Une heure plus tard, le moine Perez, mon matelot et moi, attablés tous les trois, nous causions aventures de mer, lorsque notre hôtesse vint nous retrouver.

— À présent, mère Encarnacion, lui dit le frère la Côte en se versant, en guise de grog, une demi-bouteille d’eau-de-vie dans un bol à café, dégoise-nous tes malheurs, ça nous distraira.

— Hélas ! seigneur, le récit en sera bientôt fait… Il y a de l’autre côté de la baie, à Manille, un très riche négociant que la beauté de Gloria avait séduit, car vous saurez que ma chère fille est bien certes la plus jolie fille de Cavit, et qui devait venir la chercher ces jours-ci… C’était convenu entre nous depuis longtemps…

— Qu’est-ce qui était convenu, la vieille ? interrompit Kernau. Ah ! bête que je suis, de t’adresser une question aussi saugrenue, continua mon matelot en haussant les épaules. C’était convenu… Après ?

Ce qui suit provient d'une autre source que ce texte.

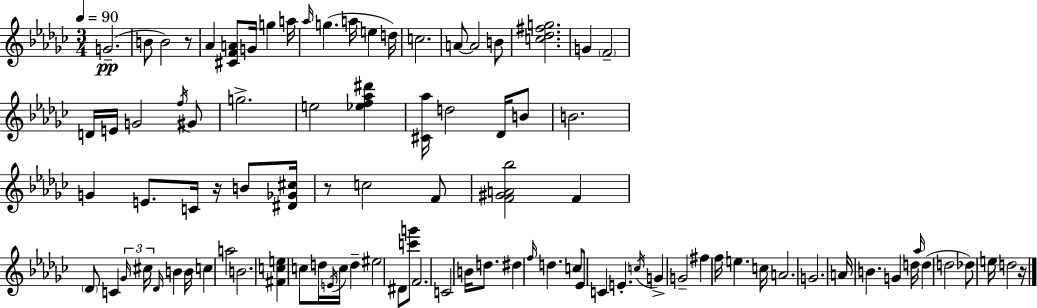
{
  \clef treble
  \numericTimeSignature
  \time 3/4
  \key ees \minor
  \tempo 4 = 90
  \repeat volta 2 { g'2.--(\pp | b'8 b'2) r8 | aes'4 <cis' f' a'>8 g'16 g''4 a''16 | \grace { aes''16 } g''4.( a''16 e''4 | \break d''16) c''2. | a'8~~ a'2 b'8 | <c'' des'' fis'' g''>2. | g'4 \parenthesize f'2-- | \break d'16 e'16 g'2 \acciaccatura { f''16 } | gis'8 g''2.-> | e''2 <ees'' f'' aes'' dis'''>4 | <cis' aes''>16 d''2 des'16 | \break b'8 b'2. | g'4 e'8. c'16 r16 b'8 | <dis' ges' cis''>16 r8 c''2 | f'8 <f' gis' a' bes''>2 f'4 | \break \parenthesize des'8 c'4 \tuplet 3/2 { \grace { ges'16 } cis''16 \grace { des'16 } } b'4 | b'16 c''4 a''2 | b'2. | <fis' c'' e''>4 c''8 d''16 \acciaccatura { e'16 } | \break c''16 d''4-- eis''2 | dis'8 <c''' g'''>8 f'2. | c'2 | b'16 d''8. dis''4 \grace { f''16 } d''4. | \break c''8 ees'8 c'4 | e'4.-. \acciaccatura { c''16 } g'4-> g'2-- | fis''4 f''16 | e''4. c''16 a'2. | \break g'2. | a'16 b'4. | g'4 d''16 \grace { aes''16 } d''4( | d''2 des''8) e''16 d''2 | \break r16 } \bar "|."
}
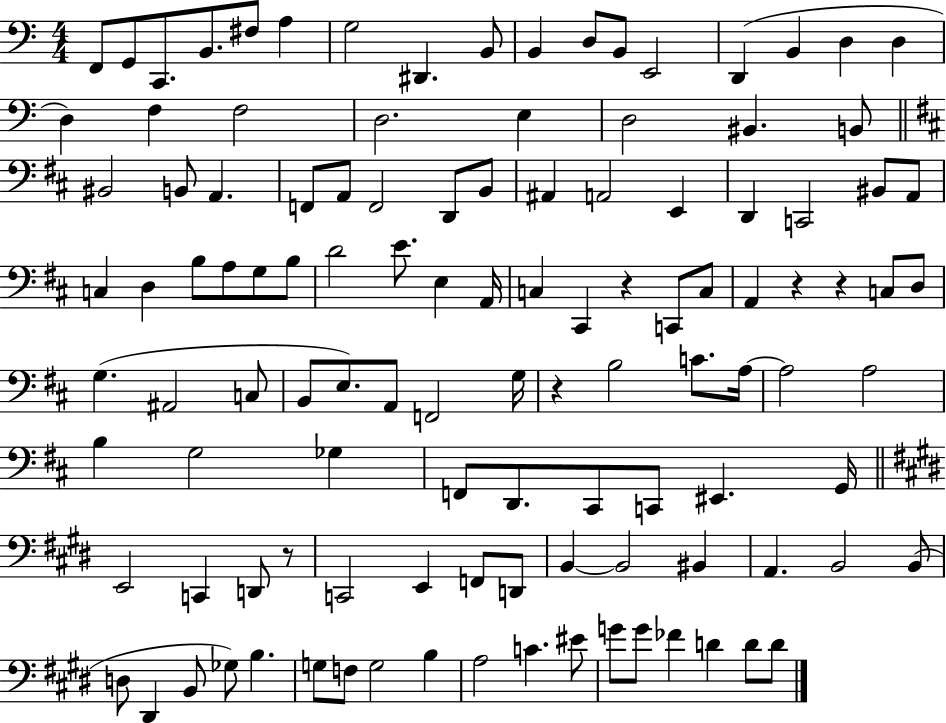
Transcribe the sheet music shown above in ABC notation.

X:1
T:Untitled
M:4/4
L:1/4
K:C
F,,/2 G,,/2 C,,/2 B,,/2 ^F,/2 A, G,2 ^D,, B,,/2 B,, D,/2 B,,/2 E,,2 D,, B,, D, D, D, F, F,2 D,2 E, D,2 ^B,, B,,/2 ^B,,2 B,,/2 A,, F,,/2 A,,/2 F,,2 D,,/2 B,,/2 ^A,, A,,2 E,, D,, C,,2 ^B,,/2 A,,/2 C, D, B,/2 A,/2 G,/2 B,/2 D2 E/2 E, A,,/4 C, ^C,, z C,,/2 C,/2 A,, z z C,/2 D,/2 G, ^A,,2 C,/2 B,,/2 E,/2 A,,/2 F,,2 G,/4 z B,2 C/2 A,/4 A,2 A,2 B, G,2 _G, F,,/2 D,,/2 ^C,,/2 C,,/2 ^E,, G,,/4 E,,2 C,, D,,/2 z/2 C,,2 E,, F,,/2 D,,/2 B,, B,,2 ^B,, A,, B,,2 B,,/2 D,/2 ^D,, B,,/2 _G,/2 B, G,/2 F,/2 G,2 B, A,2 C ^E/2 G/2 G/2 _F D D/2 D/2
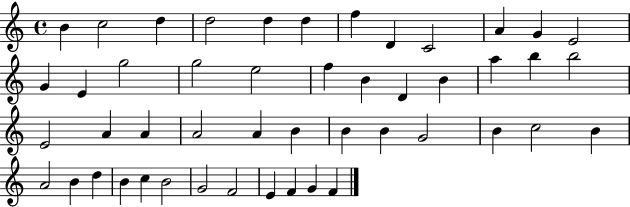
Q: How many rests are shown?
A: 0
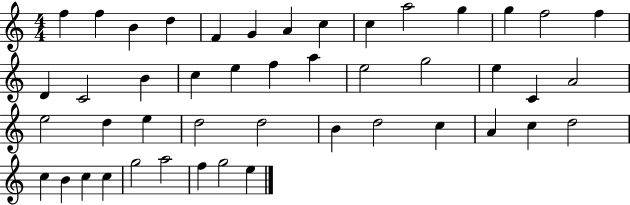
{
  \clef treble
  \numericTimeSignature
  \time 4/4
  \key c \major
  f''4 f''4 b'4 d''4 | f'4 g'4 a'4 c''4 | c''4 a''2 g''4 | g''4 f''2 f''4 | \break d'4 c'2 b'4 | c''4 e''4 f''4 a''4 | e''2 g''2 | e''4 c'4 a'2 | \break e''2 d''4 e''4 | d''2 d''2 | b'4 d''2 c''4 | a'4 c''4 d''2 | \break c''4 b'4 c''4 c''4 | g''2 a''2 | f''4 g''2 e''4 | \bar "|."
}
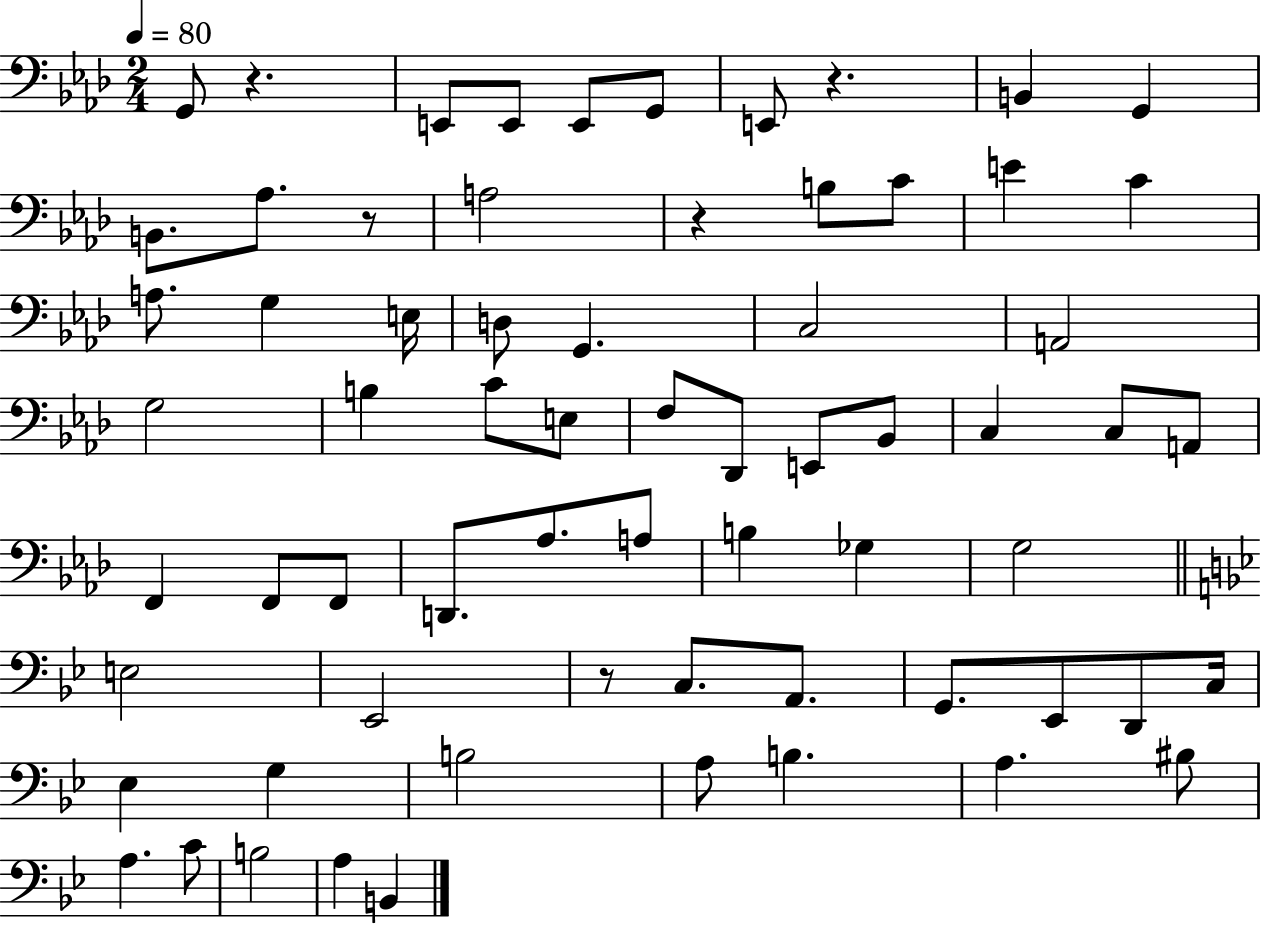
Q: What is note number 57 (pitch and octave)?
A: BIS3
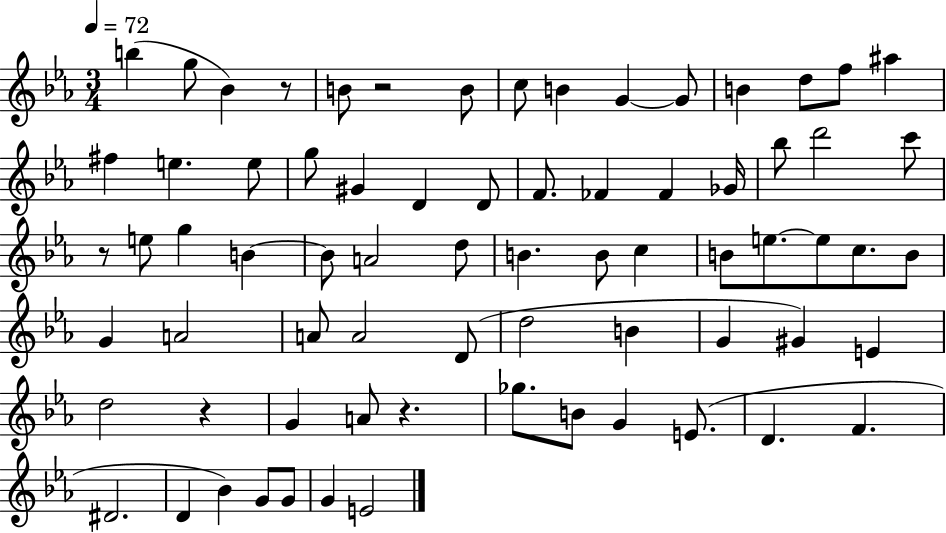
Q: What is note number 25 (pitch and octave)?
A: Bb5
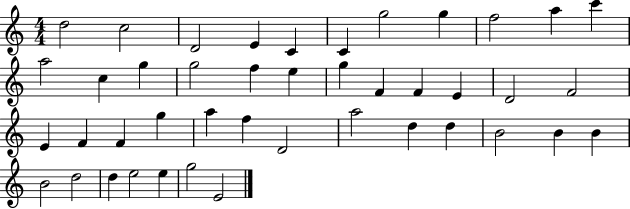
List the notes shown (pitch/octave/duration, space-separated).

D5/h C5/h D4/h E4/q C4/q C4/q G5/h G5/q F5/h A5/q C6/q A5/h C5/q G5/q G5/h F5/q E5/q G5/q F4/q F4/q E4/q D4/h F4/h E4/q F4/q F4/q G5/q A5/q F5/q D4/h A5/h D5/q D5/q B4/h B4/q B4/q B4/h D5/h D5/q E5/h E5/q G5/h E4/h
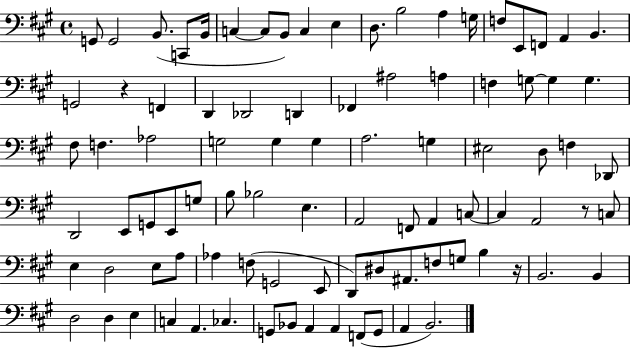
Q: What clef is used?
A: bass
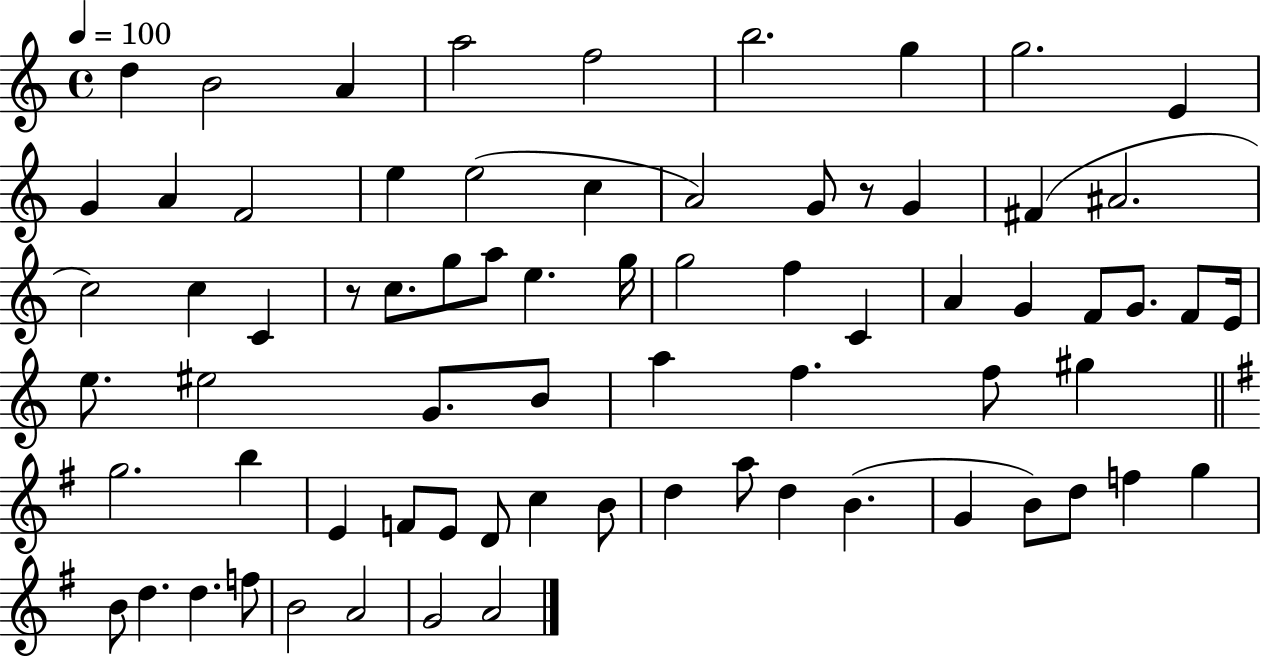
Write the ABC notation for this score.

X:1
T:Untitled
M:4/4
L:1/4
K:C
d B2 A a2 f2 b2 g g2 E G A F2 e e2 c A2 G/2 z/2 G ^F ^A2 c2 c C z/2 c/2 g/2 a/2 e g/4 g2 f C A G F/2 G/2 F/2 E/4 e/2 ^e2 G/2 B/2 a f f/2 ^g g2 b E F/2 E/2 D/2 c B/2 d a/2 d B G B/2 d/2 f g B/2 d d f/2 B2 A2 G2 A2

— Ce très riche négociant est bien l’homme le plus généreux qu’il soit possible de trouver. Il devait faire repeindre à neuf la façade de ma maison, faire restaurer mon escalier, me donner deux barriques d’eau-de-vie de Catalan, et m’ouvrir, sans intérêt, un crédit de mille piastres sur sa maison… Jugez comme tout cela eût rendu ma jolie Gloria heureuse !… Vous m’observerez qu’il m’eût fallu me séparer d’elle… Hélas, cela m’eût été bien douloureux et pénible ; mais, après tout, n’est-ce pas un devoir pour de bons parents de savoir se sacrifier au bonheur de leurs enfants ?… J’étais donc résolue… lorsque ce matin j’ai vu des officiers entraînant Gloria de force, la contraindre à monter dans une voiture qui les attendait, et disparaître bientôt de mes yeux.

— Et malgré mes cris, dit le moine Perez en achevant le récit de notre hôtesse.

— Cette fois-ci est-elle la première que l’on ait enlevé ta fille ? demanda Kernau en s’adressant à la señora Encarnacion.

— Certainement, seigneurie.

— Eh bien, à la seconde cela ne te produira plus d’effet, reprit le matelot en guise de consolation…

Après notre déjeuner, qui se prolongea assez avant dans la matinée, nous sortîmes, Kernau et moi, pour courir la ville.

— Tiens, me dit-il au milieu de notre promenade, si nous rabattions un peu au couvent des Franciscains, pour aller chercher Perez, qui nous a quittés en sournois… ça nous amuserait peut-être… Je n’ai jamais vu de couvent d’abord… moi ! Et toi ?

— Moi non plus, si ce n’est toutefois celui des Cordeliers… et encore était-il occupé par un club où pérorait Marat. Allons.

Le couvent des Franciscains établi à Cavit est réellement magnifique. Des constructions superbes, des jardins immenses, une chapelle luxueusement ornée, où l’on voit briller de toutes parts diamants, pierres fines et joyaux d’or, sont la propriété de ces bienheureux pères.

Nous pénétrons dans une vaste cour carrée entourée d’arceaux, et dont les murs, recouverts de tableaux assez mauvais, servaient d’appui à de nombreux bancs de pierre. Sur ces bancs, plusieurs franciscains, assis à côté de jeunes femmes, causaient et fumaient avec ce laisser-aller espagnol qui toujours, dans les premiers temps, surprend le voyageur.

N’ayant trouvé personne à qui nous adresser, pas même un frère-portier, nous allions nous-mêmes à la recherche du franciscain Perez, quand des cris aigus de Au secours ! au secours ! arrivèrent jusqu’à nous ; puis, presque au même instant, une jeune fille éplorée se jeta dans les bras de Kernau.

— Sauvez-moi, señor, lui dit-elle en proie à une agitation extrême. Emmenez-moi d’ici.

Caramba ! je ne demande pas mieux, surtout si c’est pour partager ma cabine, lui répondit le frère la Côte après l’avoir considérée un moment.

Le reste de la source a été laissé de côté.